Depuis 118 ans, la Coupe Davis est un format de compétition échelonné sur un an, avec 4 week-end retenus. Les matchs se déroulent sur 3 jours avec des stages de préparation en amont (généralement une semaine). Les joueurs profitent d’une sorte de « trêve internationale », durant laquelle aucune compétition majeure n’est organisée. Mais certaines pointures du tennis mondial, Novak Djokovic, Roger Federer ou Rafael Nadal « ne veulent plus y consacrer du temps », comme l’explique le président de la Fédération Française de Tennis (FFT), Bernard Giudicelli.

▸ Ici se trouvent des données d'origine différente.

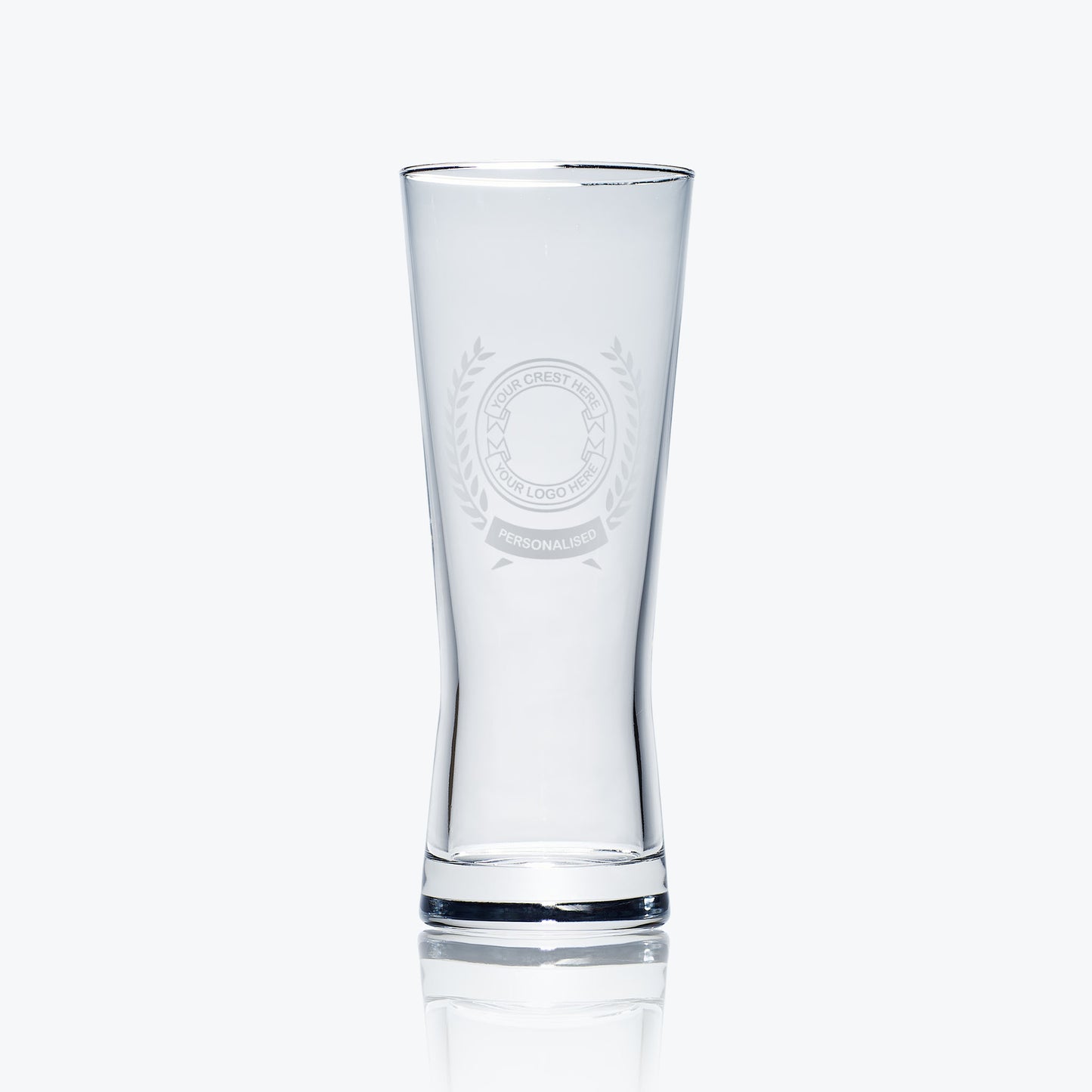 custom engraved pilsner pint glass engraved with your logo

Alors ce dernier a contribué à l’évolution de cette compétition en votant pour le changement.

Une nouvelle formule plus condensée.

La nouvelle formule de le Coupe Davis est plus condensée : 18 équipes sur une seule semaine. Chaque confrontation ne se disputera plus sur 3 jours mais sur un seul. Il a donc fallu modifier la durée des matchs, 2 sets gagnants au lieu de 3, ainsi que le nombre de rencontres jouées. Jusqu’à présent, on disputait 2 simples  le premier jour, un double le samedi et deux autres simples le dimanche. A partir de 2019, les équipes ne s’affronteront plus que lors de 2 matchs en simple et un match en double. Pour Bernard Giudicelli, toutes ces modifications n’auront pas de conséquences sur le nombre de spectateurs.

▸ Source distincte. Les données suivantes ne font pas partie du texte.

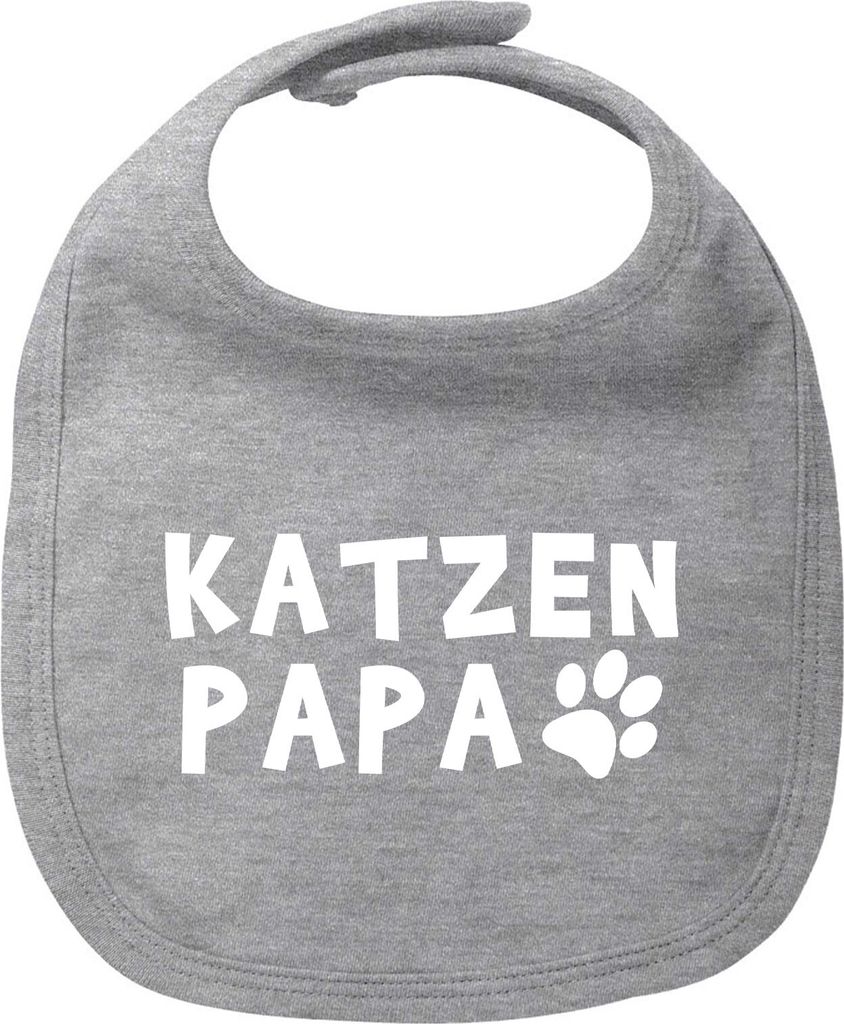 Huuraa Baby Lätzchen Katzenpapa Tapse Heather Grey Klettverschluss Baumwolle Latz Geschenkidee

Vendre l’âme de la Coupe Davis.

Mais du côté des sportifs, on tient un tout autre discours : de nombreux joueurs et entraineurs français ont fait part de leur mécontentement. Patrice Hagelauer, entraineur de l’équipe nationale pendant 21 ans, déplore qu’il n’y ait plus de matchs à domicile : « C’est quand même ça, le grand intérêt de la Coupe Davis. Pendant 3 jours, c’était la fête. Là, je pense que très peu de gens vont se déplacer à l’étranger pour voir l’équipe de France. » Yannick Noah, actuel entraineur des joueurs français, ne cache pas son amertume : « Honte à tous ceux, joueurs, dirigeants et médias qui viennent de vendre l’âme de la Coupe Davis. » Il trouve cette décision « scandaleuse » et le 16 août 2018 était pour lui « un triste jour pour le tennis français. »

118 années d’histoire balayées grâce à quelques billets.

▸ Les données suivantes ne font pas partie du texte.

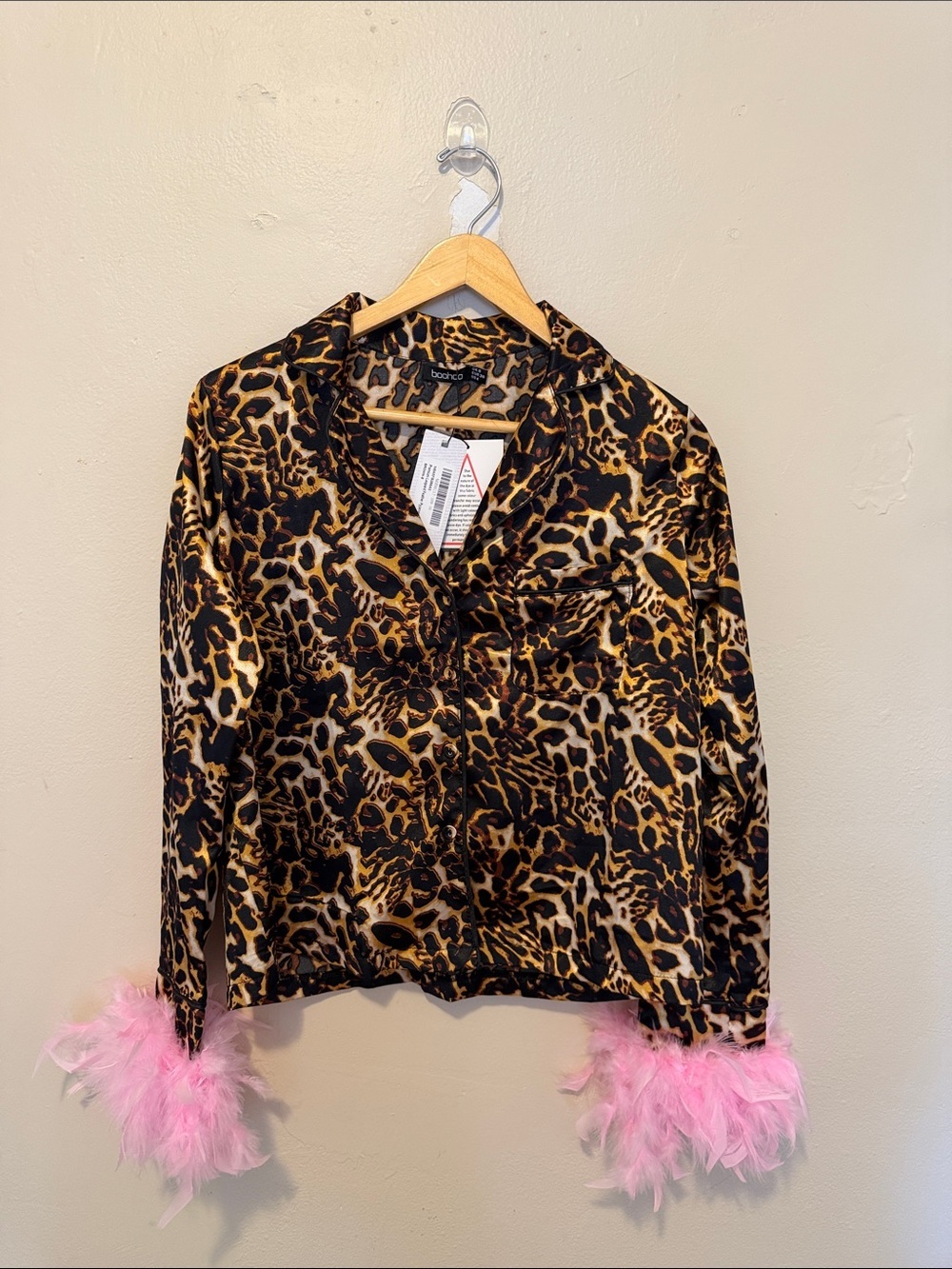 Boohoo Leopard Print Jacket with Pink Feather Cuffs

Nicolas Mahut, présent lors de la victoire française en 2017, estime que « la Coupe Davis est morte et une partie de l’histoire de notre sport envolée pour une poignée de dollars. » Il n’est pas le seul à mettre en lien changement et argent. Steve Darcis, joueur belge et finaliste en 2015 et 2017, est d’accord : « 118 années d’histoire balayées à cause de quelques billets. » En effet, pour financer cette nouvelle forme de compétition, la fédération internationale a signé un partenariat avec le groupe d’investissement Kosmos géré par le joueur de foot du Barca Gerard Piqué. Ce dernier s’est pris une petite pique par Todd Woodbridge, ancien tennisman australien et vainqueur à deux reprises du saladier d’argent : « Un footballeur se retrouve sur scène à l’assemblée générale de l’ITF pour nous dire que la Coupe Davis doit changer mais les légendes de ce sport, qui pour la plupart ne sont pas d’accord, n’y sont pas. »

Les supporters en noirs

La jeune génération de tennismen a le même avis que ses ainés. Félix Auger Aliassime, joueur canadien de 18 ans explique que « son plus grand rêve d’enfant, c’était de jouer une finale de Coupe Davis devant son public. »

Ne m’appelez plus jamais la Coupe Davis.

Les joueurs réticents peuvent également compter sur leurs supporters. Pendant le double de la demi-finale France-Espagne début septembre, les supporters membres de l’association Aseft, habituellement vêtus de bleu, portaient des tee-shirts noirs. Une façon de montrer leur mécontentement vis-à-vis du changement prévu pour 2019. Ils ont déplié un dessin de la tombe de la Coupe Davis ainsi qu’un autre qui montrait une main tenant des dollars cassant le saladier d’argent. Ces supporters ont également détourné la chanson Le France de Michel Sardou en entonnant : « Ne m’appelez plus jamais la Coupe Davis, la France m’a laissée tomber… ».

En attendant la nouvelle formule, ne boudons pas notre plaisir : la France est en finale, ça se passe chez nous, à Lille, profitons-en pour aller supporter notre équipe ! Et comme l’a dit Lucas Pouille, « essayons de garder la Coupe à la maison ! ».